Parallel to his activity as a prolific writer, he maintained a career in the civil service as a bureaucrat, courtier, diplomat, comptroller of the customs for the port of London and member of parliament.
The Legend of Good Women, the third longest of Chaucer’s works, after The Canterbury Tales and Troilus and Criseyde, is a poem in the form of a dream vision and is possibly the first significant work in English to use the iambic pentameter or decasyllabic couplets which Chaucer later used throughout The Canterbury Tales.
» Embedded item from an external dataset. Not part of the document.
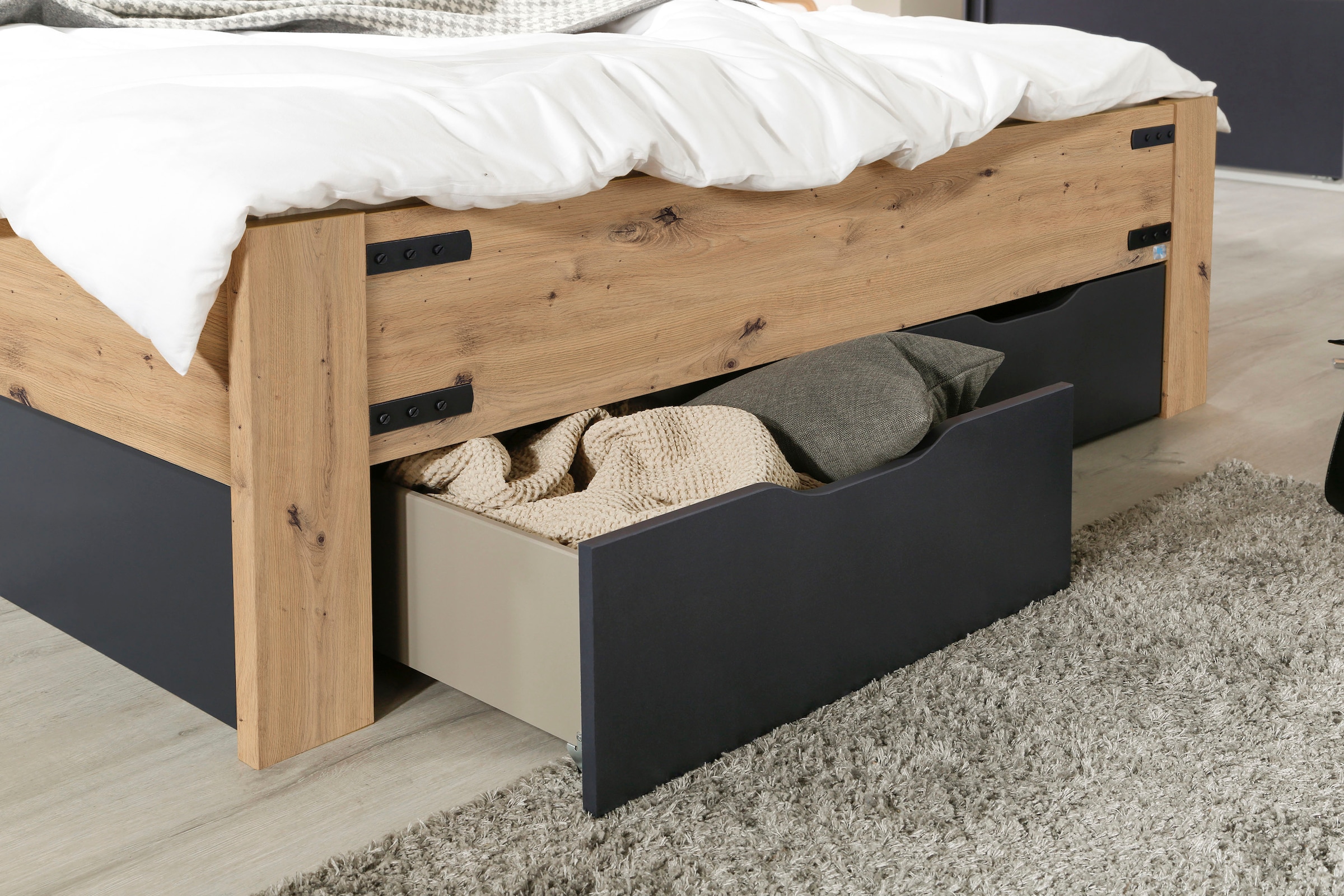 rauch Schlafzimmer-Set »Birmingham«, (5 tlg.), 5-tlg.Set: Schwebetürenschrank inkl. Passepartout, Bett, 2 Nachttische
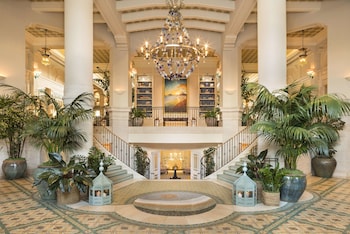 Hotel entrance and lobby at Casa Del Mar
This form of the heroic couplet would become a significant part of English literature no doubt inspired by Chaucer.
The poem - indebted to several sources, including Ovid’s Heroides and Metamorphoses, the works of Virgil and Vincent of Beauvais - is a collection of different narratives, a sequence of stories about famous women from history and mythology: Cleopatra, Thisbe of Babylon, Dido queen of Cathage, Hypsipyle, Medea, Lucretia, Ariadne, Philomela, Phyllis, and Hypermnestra. A historical, mythical, heroic and allegorical exaltation of the feminine, even from the most sacred and spiritual point of view.